TASK DETAILS: Please repeat every line below exactly, from the first to the last.

"""

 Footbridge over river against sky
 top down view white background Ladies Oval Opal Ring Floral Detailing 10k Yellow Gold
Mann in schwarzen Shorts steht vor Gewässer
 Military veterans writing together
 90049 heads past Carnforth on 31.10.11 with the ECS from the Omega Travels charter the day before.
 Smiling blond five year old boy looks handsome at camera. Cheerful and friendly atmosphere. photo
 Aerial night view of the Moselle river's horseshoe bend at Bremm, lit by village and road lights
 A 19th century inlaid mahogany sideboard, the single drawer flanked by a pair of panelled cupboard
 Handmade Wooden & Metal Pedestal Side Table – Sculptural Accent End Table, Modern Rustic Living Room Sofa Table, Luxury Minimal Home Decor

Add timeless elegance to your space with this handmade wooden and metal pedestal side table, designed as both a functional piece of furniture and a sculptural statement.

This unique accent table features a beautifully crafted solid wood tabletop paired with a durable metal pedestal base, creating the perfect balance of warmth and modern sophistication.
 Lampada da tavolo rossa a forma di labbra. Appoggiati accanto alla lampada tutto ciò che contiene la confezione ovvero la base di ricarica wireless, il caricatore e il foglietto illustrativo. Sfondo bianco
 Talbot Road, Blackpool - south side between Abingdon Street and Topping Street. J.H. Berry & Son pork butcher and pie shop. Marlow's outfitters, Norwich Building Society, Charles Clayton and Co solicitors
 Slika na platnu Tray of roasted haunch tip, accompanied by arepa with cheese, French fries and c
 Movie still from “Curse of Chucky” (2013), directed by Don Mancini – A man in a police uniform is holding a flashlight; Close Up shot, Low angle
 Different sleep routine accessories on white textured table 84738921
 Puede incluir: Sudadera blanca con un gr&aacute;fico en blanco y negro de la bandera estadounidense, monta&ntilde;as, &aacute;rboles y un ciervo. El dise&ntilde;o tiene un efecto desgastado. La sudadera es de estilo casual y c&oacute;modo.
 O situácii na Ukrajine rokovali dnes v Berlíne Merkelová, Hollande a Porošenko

"""

EXPECTED ANSWER:
 Footbridge over river against sky
 top down view white background Ladies Oval Opal Ring Floral Detailing 10k Yellow Gold
Mann in schwarzen Shorts steht vor Gewässer
 Military veterans writing together
 90049 heads past Carnforth on 31.10.11 with the ECS from the Omega Travels charter the day before.
 Smiling blond five year old boy looks handsome at camera. Cheerful and friendly atmosphere. photo
 Aerial night view of the Moselle river's horseshoe bend at Bremm, lit by village and road lights
 A 19th century inlaid mahogany sideboard, the single drawer flanked by a pair of panelled cupboard
 Handmade Wooden & Metal Pedestal Side Table – Sculptural Accent End Table, Modern Rustic Living Room Sofa Table, Luxury Minimal Home Decor

Add timeless elegance to your space with this handmade wooden and metal pedestal side table, designed as both a functional piece of furniture and a sculptural statement.

This unique accent table features a beautifully crafted solid wood tabletop paired with a durable metal pedestal base, creating the perfect balance of warmth and modern sophistication.
 Lampada da tavolo rossa a forma di labbra. Appoggiati accanto alla lampada tutto ciò che contiene la confezione ovvero la base di ricarica wireless, il caricatore e il foglietto illustrativo. Sfondo bianco
 Talbot Road, Blackpool - south side between Abingdon Street and Topping Street. J.H. Berry & Son pork butcher and pie shop. Marlow's outfitters, Norwich Building Society, Charles Clayton and Co solicitors
 Slika na platnu Tray of roasted haunch tip, accompanied by arepa with cheese, French fries and c
 Movie still from “Curse of Chucky” (2013), directed by Don Mancini – A man in a police uniform is holding a flashlight; Close Up shot, Low angle
 Different sleep routine accessories on white textured table 84738921
 Puede incluir: Sudadera blanca con un gr&aacute;fico en blanco y negro de la bandera estadounidense, monta&ntilde;as, &aacute;rboles y un ciervo. El dise&ntilde;o tiene un efecto desgastado. La sudadera es de estilo casual y c&oacute;modo.
 O situácii na Ukrajine rokovali dnes v Berlíne Merkelová, Hollande a Porošenko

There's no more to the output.